_What needs to be done_
Nothing outside the range is to be copied. From the entries below, reproduce exactly the lines starting at the one with "220 Delmita Road" and ending at the one with "Creepy hollow-eyed doll", without pictures.

_Records_
- Opening Delimiter -
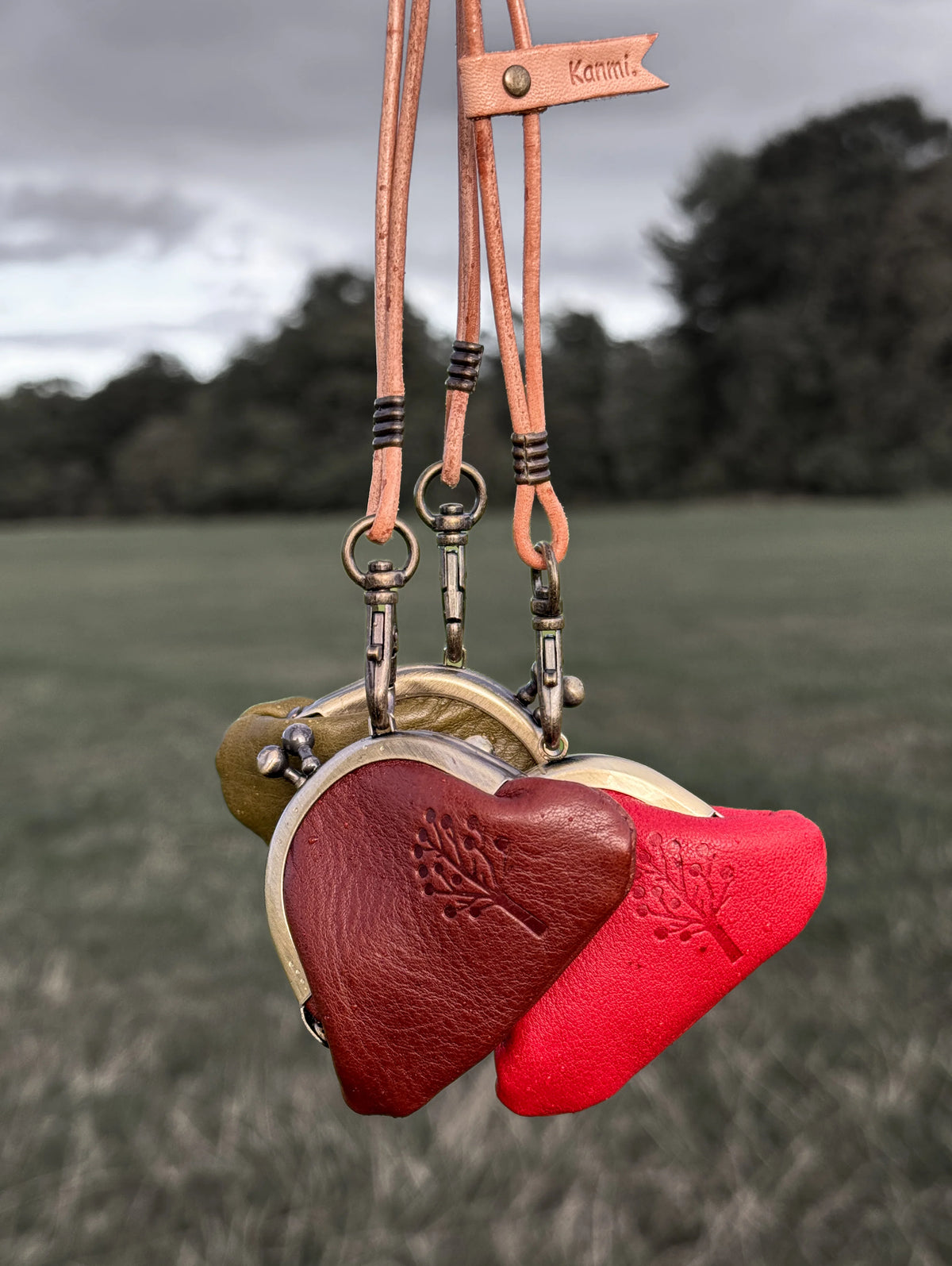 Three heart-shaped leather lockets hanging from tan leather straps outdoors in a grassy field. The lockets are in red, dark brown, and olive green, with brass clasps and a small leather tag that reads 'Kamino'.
- Closing Delimiter -
- Opening Delimiter -
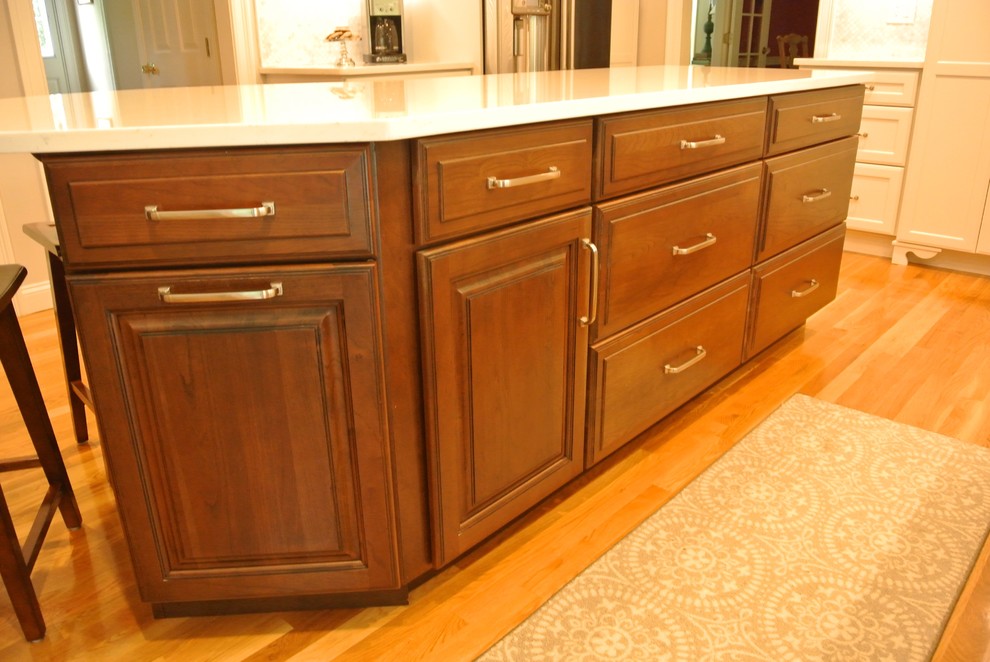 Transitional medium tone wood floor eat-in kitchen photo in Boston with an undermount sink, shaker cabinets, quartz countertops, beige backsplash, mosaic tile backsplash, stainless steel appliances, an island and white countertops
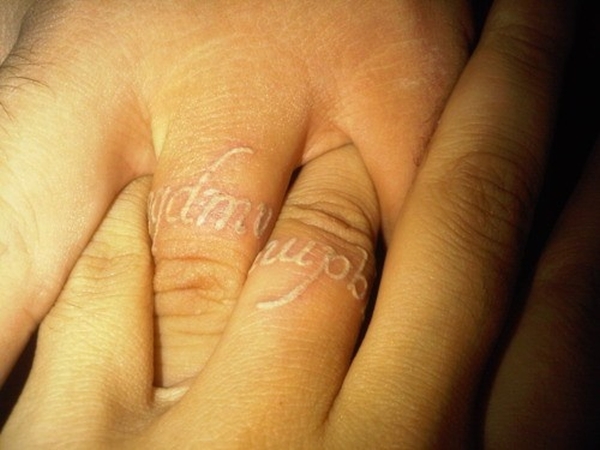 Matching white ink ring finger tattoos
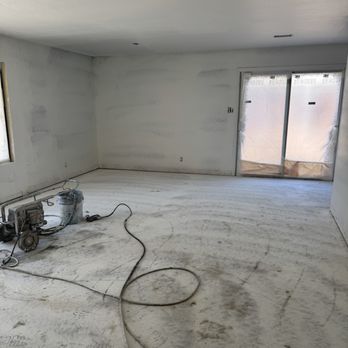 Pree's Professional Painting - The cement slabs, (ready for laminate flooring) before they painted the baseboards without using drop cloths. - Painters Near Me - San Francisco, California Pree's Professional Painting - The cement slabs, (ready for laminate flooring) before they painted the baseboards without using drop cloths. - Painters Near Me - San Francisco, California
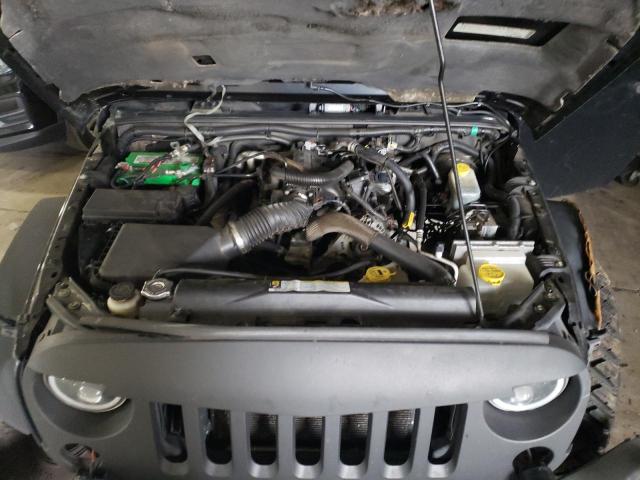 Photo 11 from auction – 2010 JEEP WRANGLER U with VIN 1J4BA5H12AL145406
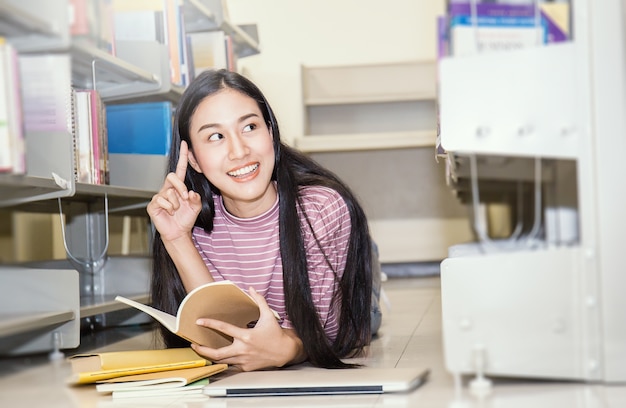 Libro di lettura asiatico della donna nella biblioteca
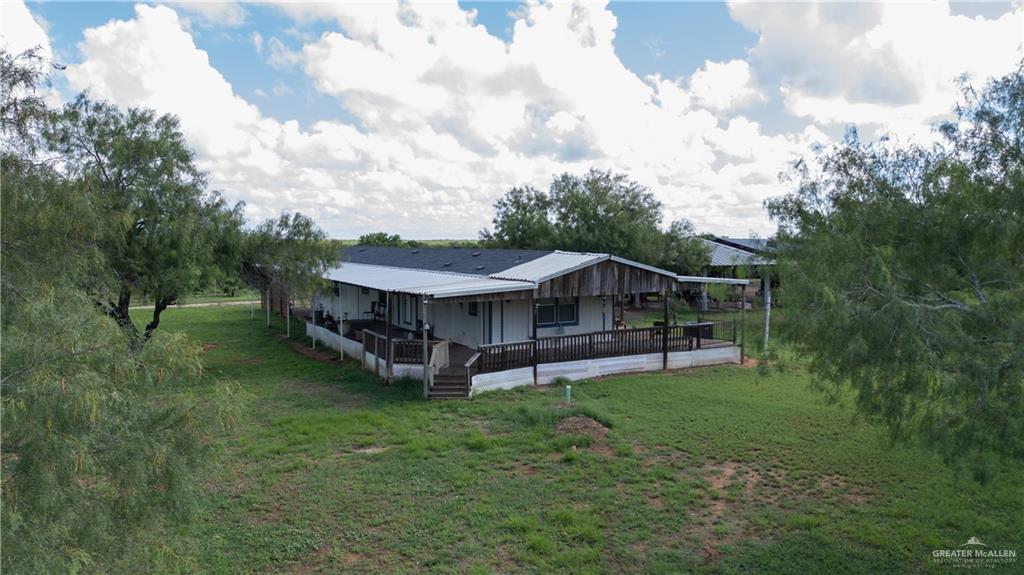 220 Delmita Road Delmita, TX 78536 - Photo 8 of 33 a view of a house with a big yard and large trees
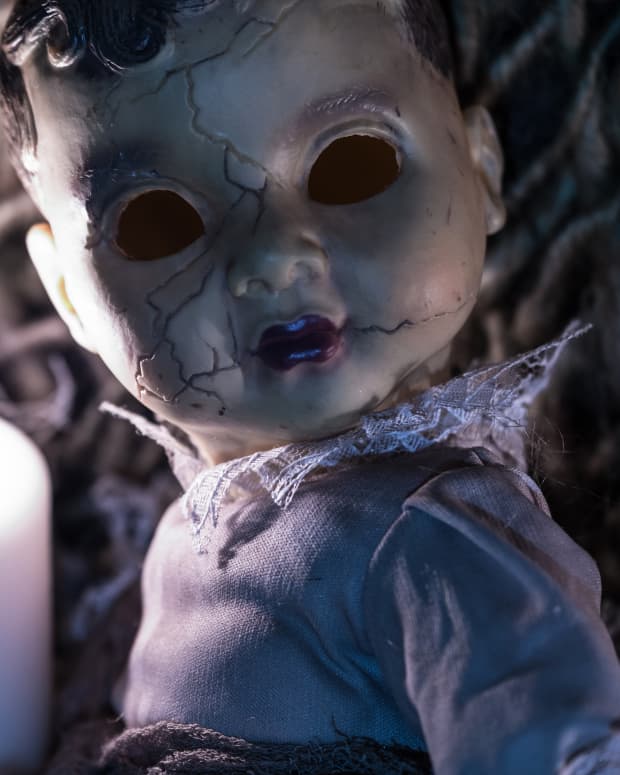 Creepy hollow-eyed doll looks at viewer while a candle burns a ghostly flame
- Closing Delimiter -
_Problem solution_
 220 Delmita Road Delmita, TX 78536 - Photo 8 of 33 a view of a house with a big yard and large trees
 Creepy hollow-eyed doll looks at viewer while a candle burns a ghostly flame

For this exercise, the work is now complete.